### Work to complete
Could you print the listing again exactly, omitting the pictures?

### Stored data
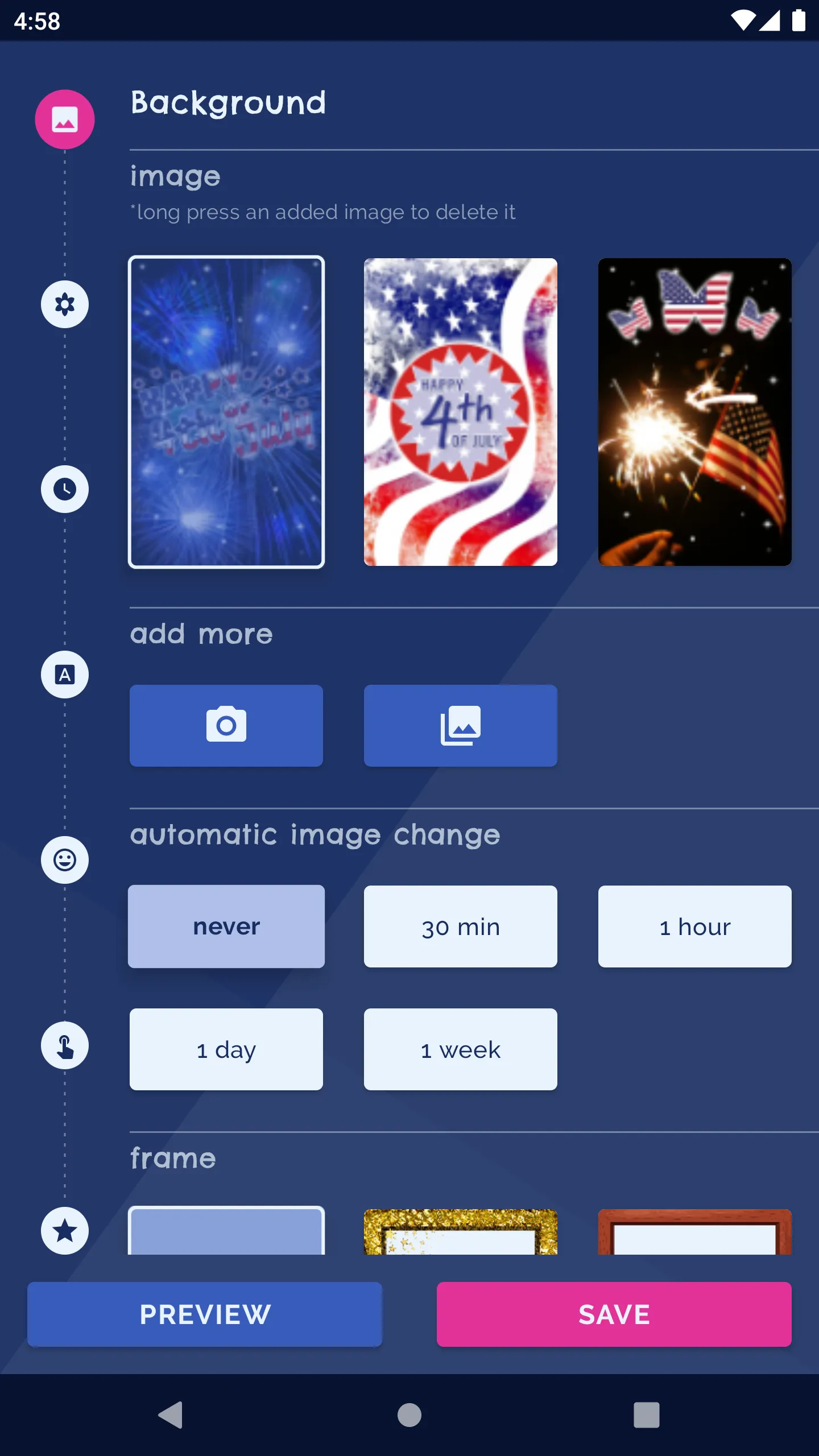 4th of July Live Wallpaper | Indus Appstore | Screenshot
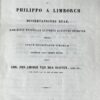 De Joanne Clerico et Philippo a Limborch dissertationes duae [...] Amsterdam F. Muller 1843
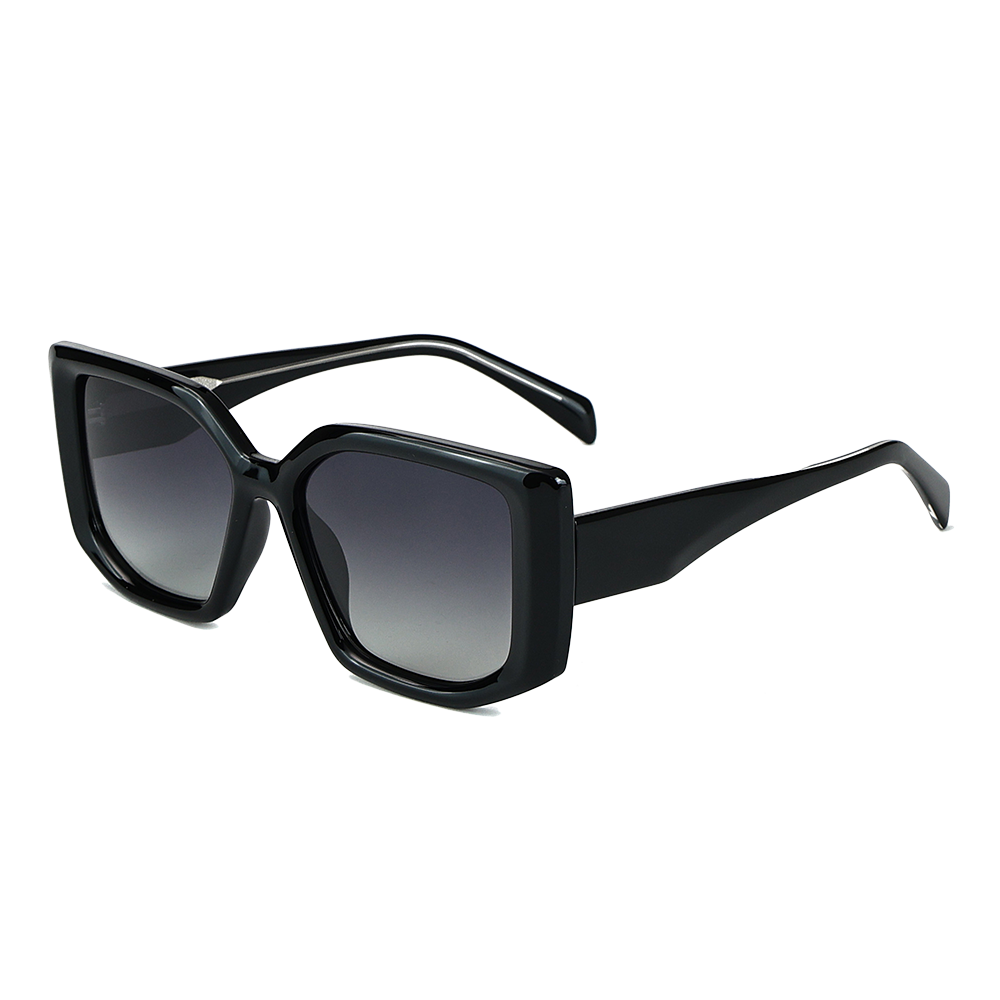 نظارات شمسية مستقطبة بإطار مربع كبير الحجم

### Response area
 4th of July Live Wallpaper | Indus Appstore | Screenshot
 De Joanne Clerico et Philippo a Limborch dissertationes duae [...] Amsterdam F. Muller 1843
 نظارات شمسية مستقطبة بإطار مربع كبير الحجم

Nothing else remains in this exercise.